Submitted by Jim Aune on October 30, 2006 - 10:07am
I had an interesting conversation on Friday with my doctoral advisee Yogita Sharma. I've been puzzling for a long time about the relationship between "persuasion" and "incitement"--I'm skeptical, like all free speech absolutists, about whether such a thing as "incitement" even exists. So I asked her how the terms play out in Hindi. Here's her answer, based on her own understanding of her native tongue, and from the standard dictionary:
1) Persuade: to influence by argument (phusalaana-this is used negatively); to
prevail on (manaana); to induce (uksaana); to explain (samjhaana-used
2) Persuasion: act of persuading (prateetikaran-rarely used word); inducement (protsahana-it doesn't mean inducement from what I know rather it means encouragement)
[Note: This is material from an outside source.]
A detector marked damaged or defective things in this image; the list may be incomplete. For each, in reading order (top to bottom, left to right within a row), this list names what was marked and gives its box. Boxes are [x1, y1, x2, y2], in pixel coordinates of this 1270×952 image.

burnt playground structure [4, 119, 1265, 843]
3) I also looked up Prateeti (Prateeti-karan=act of doing Prateeti):
knowledge, clear or distinct perception or apprehension, conviction,assurance, confidence, appearance. A more commonly used word in Hindi is Prateet which means known, evident, apparent etc.
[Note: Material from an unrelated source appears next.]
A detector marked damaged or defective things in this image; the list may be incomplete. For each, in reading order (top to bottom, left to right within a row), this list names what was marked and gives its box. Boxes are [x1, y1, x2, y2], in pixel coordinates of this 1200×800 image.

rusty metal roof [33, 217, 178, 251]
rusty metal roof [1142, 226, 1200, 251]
4) Incite: to instigate (utteyjit karana-Hindi meaning similar to English)
--This is the larger, metarhetorical question that interests me: without descending into happy multiculturalism, how do we think about "persuasion" in "folk" terms, before and while we think about it academically. I was reading Salon's wonderful series on place and literature this morning while my autistic son was up at 3 and demanding to listen to Steve Earle (Daniel can't talk, but he knows his music). Naturally, I read with special interest the article on Norway. The author discusses the Eddas and Sigrid Undset (neither of which I've read, although I have my mother's copy of Kristin Lavransdatter on the shelf), and writes: "In "Voluspá," the first poem in the Elder Edda, the seeress tells Odin the ghastly sequence of events through which the world will end. Odin will be devoured by the wolf called Fenris. His doom is inescapable. But the fatalism of the Eddas requires him to accept it and fight a hopeless battle against it all the same. I sense this quality in Norwegians even now. There is an admirably unsentimental toughness to these people. We all know how life ends; we will lose everything. In the meantime, we can, if we choose, proudly and uncomplainingly resist the inevitable." All seems entirely true to me (and sounds just like my father); how would such a cultural expectation shape persuasive norms?